MAA5407–01 - Theory of Functions of a Complex Variable II Spring 2010

MAA5407–01 - Theory of Functions of a Complex Variable II
Spring 2010

Instructor: Dr. Ettore Aldrovandi.
Office: 215 LOV.
Office Hours: Listed at the instructor’s web page.
Course Web Page: http://www.math.fsu.edu/~ealdrov/courses/spring2010/MAA5407.01

SCHEDULE

Class will meet on Tuesday, Thursday, 12:30 p.m.–1:45 p.m. in 200 LOV.

PREREQUISITES

MAA 4506 (Complex Analysis I) or permission by the instructor.

TEXT

The main reference will be:

Elias M. Stein & Rami Shakarchi, Complex Analysis, Princeton Lectures in Analysis II, Princeton Univ. Press.

Additional material will be taken from the following textbooks:

Serge Lang, Complex Analysis, Springer.
Gareth A. Jones and David Singerman, Complex functions – An algebraic and geometric viewpoint, Cambridge Univ. Press.

COURSE CONTENT

The topics to be covered are roughly as follows:

Conformal mappings; in particular Möbius (or fractional linear) transformations.
Harmonic functions.
Inﬁnite products; construction of entire functions and meromorphic functions on the complex plane.
Analytic continuation.
Special functions (Zeta, Gamma functions).
Elliptic functions.

COURSE OBJECTIVES

The course focuses on theoretical aspects and applications of the theory of functions of a complex variable. The course is the second part of a two semesters-long sequence.

The purpose of this course is to introduce students to more advanced—but still foundational—topics in the theory of functions of one complex variable.

The material to be covered in this course roughly corresponds to the material in the second part of the qualiﬁcation exam in Complex Analysis. Hence another objective of this course is to prepare students for the Qualiﬁer Exam.

ATTENDANCE

Students are expected to attend class regularly.

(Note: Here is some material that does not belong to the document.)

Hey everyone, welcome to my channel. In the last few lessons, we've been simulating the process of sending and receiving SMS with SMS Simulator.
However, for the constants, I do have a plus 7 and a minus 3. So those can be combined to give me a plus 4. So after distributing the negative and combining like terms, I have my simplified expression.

A student absent from class bears the full responsibility for all subject matter and information discussed in class.

HOMEWORK

Homework problems will be assigned but not collected for grading. Homework assignments will be posted on the course web page. Although not graded, it is reasonable to expect students to work out problems as part of their study routine. An eﬀort will be made to discuss some problems in class, in order to illustrate the material. Therefore it is reasonable to expect that students actively participate in these discussions.

EXAMS

There will be two midterm and a ﬁnal exam. Dates for the midterms will be communicated in due course.

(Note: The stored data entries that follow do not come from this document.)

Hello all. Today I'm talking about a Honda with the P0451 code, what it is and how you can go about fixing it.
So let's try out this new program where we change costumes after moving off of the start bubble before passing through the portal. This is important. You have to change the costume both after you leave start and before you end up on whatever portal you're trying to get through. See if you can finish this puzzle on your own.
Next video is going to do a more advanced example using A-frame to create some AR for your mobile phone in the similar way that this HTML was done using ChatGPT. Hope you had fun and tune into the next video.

The ﬁnal exam date is on Tuesday, Apr. 27, 10:00–12:00 noon, same location as class meetings.

GRADING

Your grading will be determined by your performance in the midterm and ﬁnal exams, roughly in equal measure.

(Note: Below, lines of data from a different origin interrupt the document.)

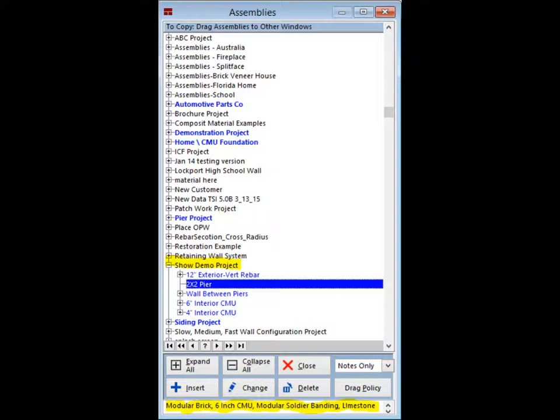Click on the plus sign next to the Show Demo project. All of the walls in this project are listed. Put the cursor on and highlight the 2x2 pier. When this pier was created, detailed notes on its construction were entered. These are now listed at the bottom of this screen. Any notes that you enter on the wall screen while doing the takeoff will appear at the bottom of this screen.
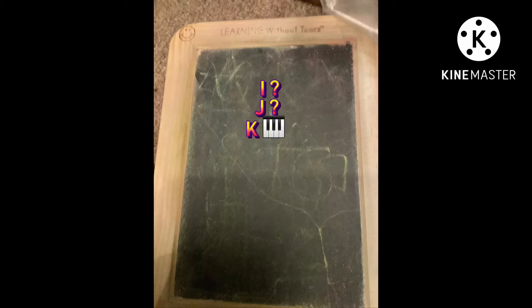K is for keyboard. Keyboard. K is keyboard.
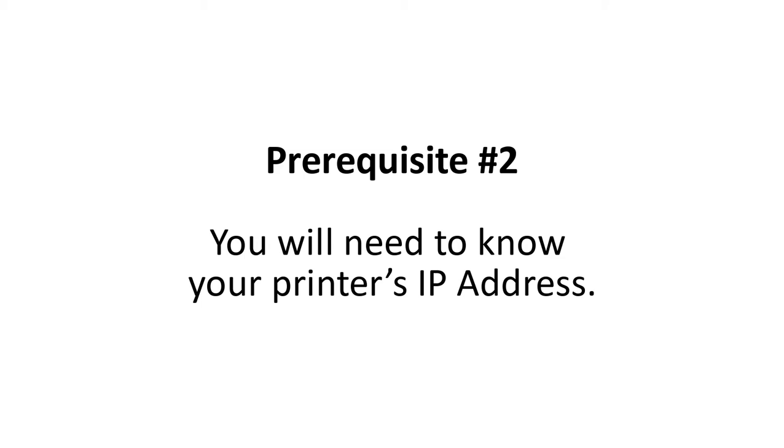With a Canon device, it is usually not required to know the printer's IP address, because the installation program will typically discover the printer for you. However, sometimes the network will limit the discovery of devices, and it becomes necessary to type the printer's IP address in manually during the installation. In fact, this is going to happen to my demonstration today. My driver will not discover any network printers due to network reasons beyond my control.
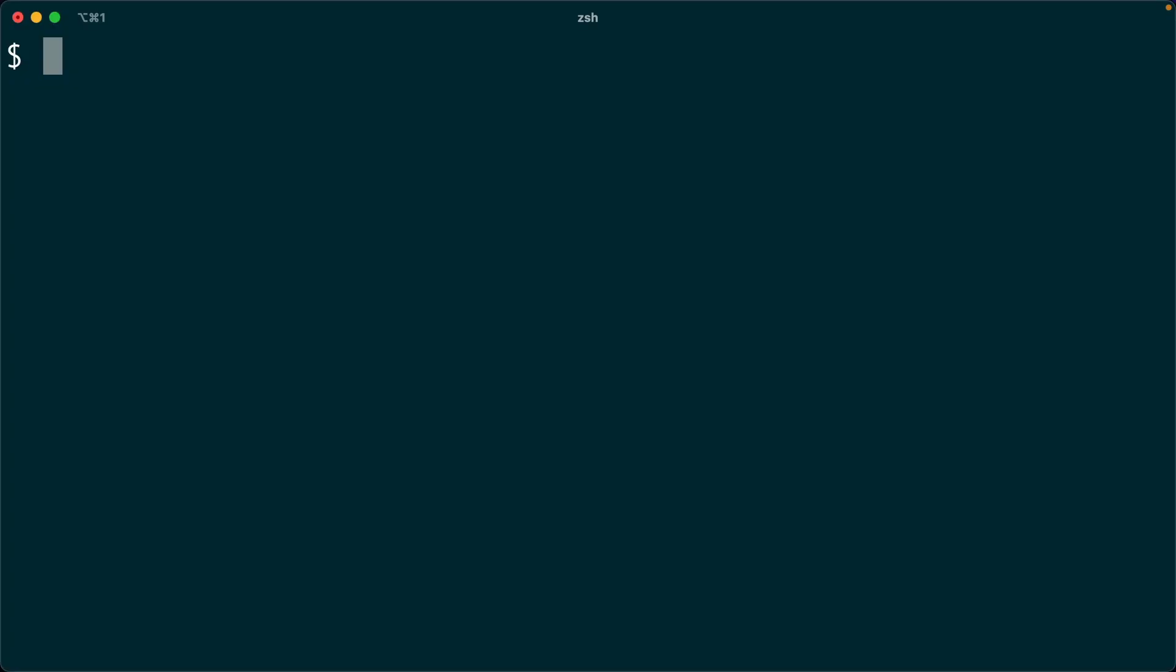Let's take a look at the PlanetScale CLI. Just as a reminder, we access it through this command PScale, so short for PlanetScale.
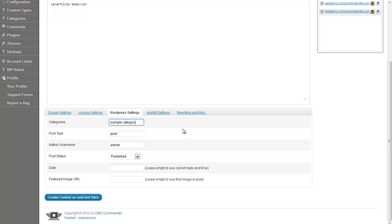If the category you enter does not exist on the sites you post to, CMS Commander will create it automatically for you.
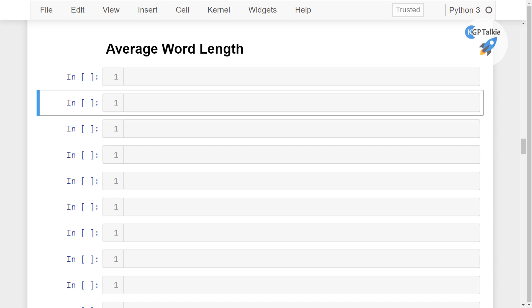Hello everyone, welcome to this new lesson. Now I am going to show you how you can count average word length.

Cutoﬀ points for A, B, C, etc. will be in the vicinity of 85%, 70%, 55%, etc., but I reserve the right to make adjustements if necessary.

HONOR CODE

A copy of the Academic Honor Code can be found in your current Student Handbook. You are bound by this in all of your academic work. It is based on the premise that each student has the responsibility 1) to uphold the highest standards of academic integrity in the student’s own work, 2) to refuse to tolerate violations of academic integrity in the University community, and 3) to foster a high sense of integrity and social responsibility on the part of the University community. You have successfully completed many mathematics courses and know that on a “test” you may not give or receive any help from a person or written material except as speciﬁcally designed acceptable. Out of class you are encouraged to work together on assignments, but plagiarizing of the work of others or study manuals is academically dishonest.

AMERICAN DISABILITIES ACT

Students with disabilities needing academic accommodations should: 1) register with and provide documentation to the Student Disability Resource Center (SDRC); 2) bring a letter to the instructor from SDRC indicating you need academic accommodations. This should be done within the ﬁrst week of class.